The title track is a suitably weighty opener, its subtle string accompaniment not forced, descending into a hurricane of guitars that made it stand out back in January when I saw them debut it on tour. It’s slow enough to be mysterious and intriguing without getting boring, a gentle precursor to Something Better, a track with an intro Andrew W.K would be proud of. This nod to shameless party rock anthems becomes a theme, with Gloria’s guitar hook coming off somewhere between a dirtier Since U Been Gone and an offcut from the first Killers record, and Drive Ride Drive nicking a riff from My Chemical Romance’s Killjoys era.

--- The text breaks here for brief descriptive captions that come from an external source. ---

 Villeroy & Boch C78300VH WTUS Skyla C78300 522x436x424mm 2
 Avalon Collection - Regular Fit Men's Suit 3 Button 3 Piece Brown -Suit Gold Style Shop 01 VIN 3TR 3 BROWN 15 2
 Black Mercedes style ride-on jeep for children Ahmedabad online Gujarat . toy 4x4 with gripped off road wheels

Whether intentional or not, Heavy In The Day is a very ‘big’ sounding record. Production is crystal clear, especially on the singles. More Than Know’s inching bass beckons you through the forest of chugging guitars and skittery drums into the clearing of a pogo-worthy chorus, really illustrating a progression and a growing awareness for song structure. On a decent set of headphones, it would sound amazing. Ready Yet? undergoes similar treatment, it’s ‘I'm only trusting me this time’ refrain sizzling with the independence they have maintained since their self-released debut, Thankyou. It allows Mike Sparks and Luke Prebble to shine as singers, building up to their latest single Saviour, where Sparks really seems to let himself rein loose.

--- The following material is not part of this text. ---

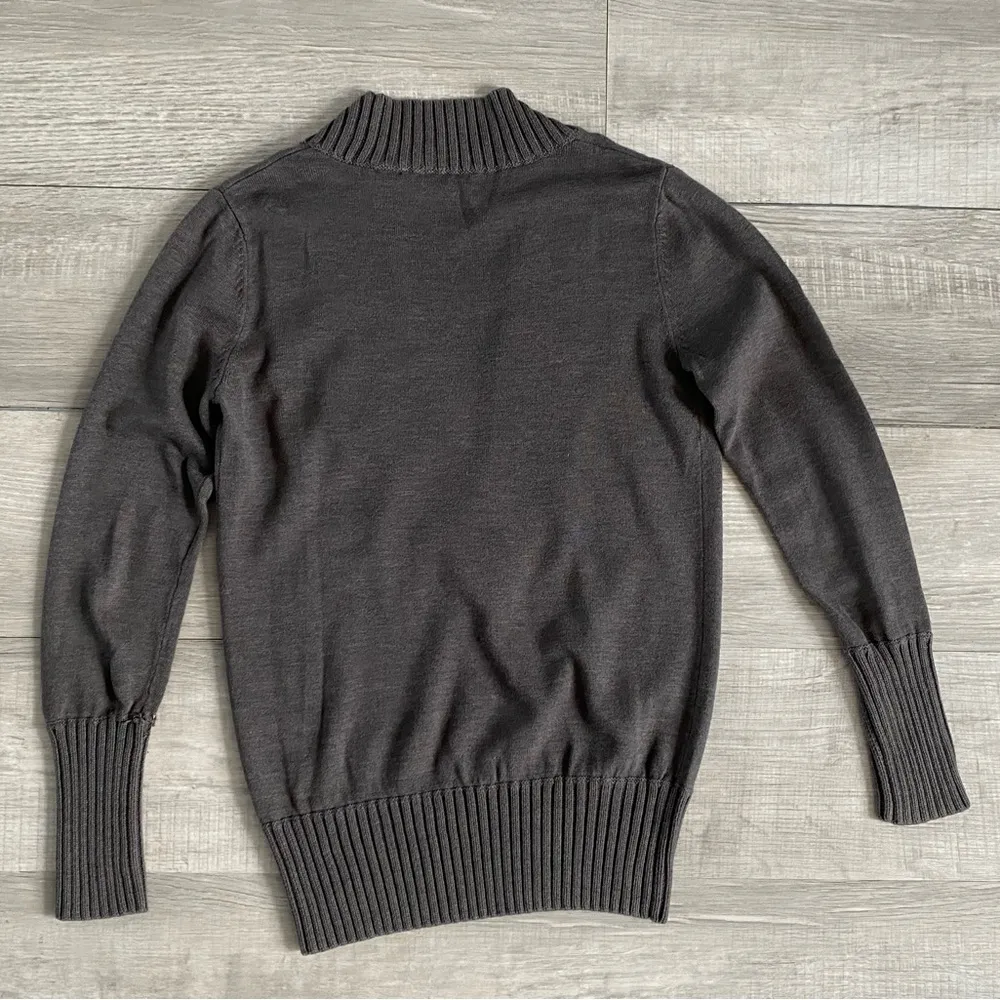 Gray Plunge V-Neck Sweater - Image 2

When the rock dies down, there is still plenty of joy to be had. Wrapped In Rainbows witchy intro and pacey verses seem to sit a little oddly with the somewhat sparse choruses at first, but after a few listens the button marked ‘anthem’ is still firmly pressed down, knuckles glowing white. I’m a sucker for a sappy pop punk ballad, and She’s A Flame satisfies that need, demonstrating their more sensitive side nicely , like Keane or even, dare I say it, Robbie Williams at the peak of his powers. You weren’t expecting that, were you?
By the time we reach closer Seen It All, the calm after the storm is a welcome moment. It starts dreamily, sounding disconcertingly familiar, but by the time it hits the glorious halfway mark, you know that it is destined to be the last song in their set before their encore for a long time. And you know what encores mean? Longer sets, bigger venues and headline bookings. And quite frankly, it’s no less that what they deserve.
Already a very accomplished and well oiled live band, this selection of extra great songs will pad out their catalogue nicely, allowing them to ambush any strand of rock in the future, whether it be the theatrical pop rock of Panic at The Disco and Fun., the indie guitar of Kings of Leon or indeed their own direction entirely. Is it this three dimensionality that will make Heavy In The Day stand head and shoulders above it’s competitors, and what makes it such a startling listen.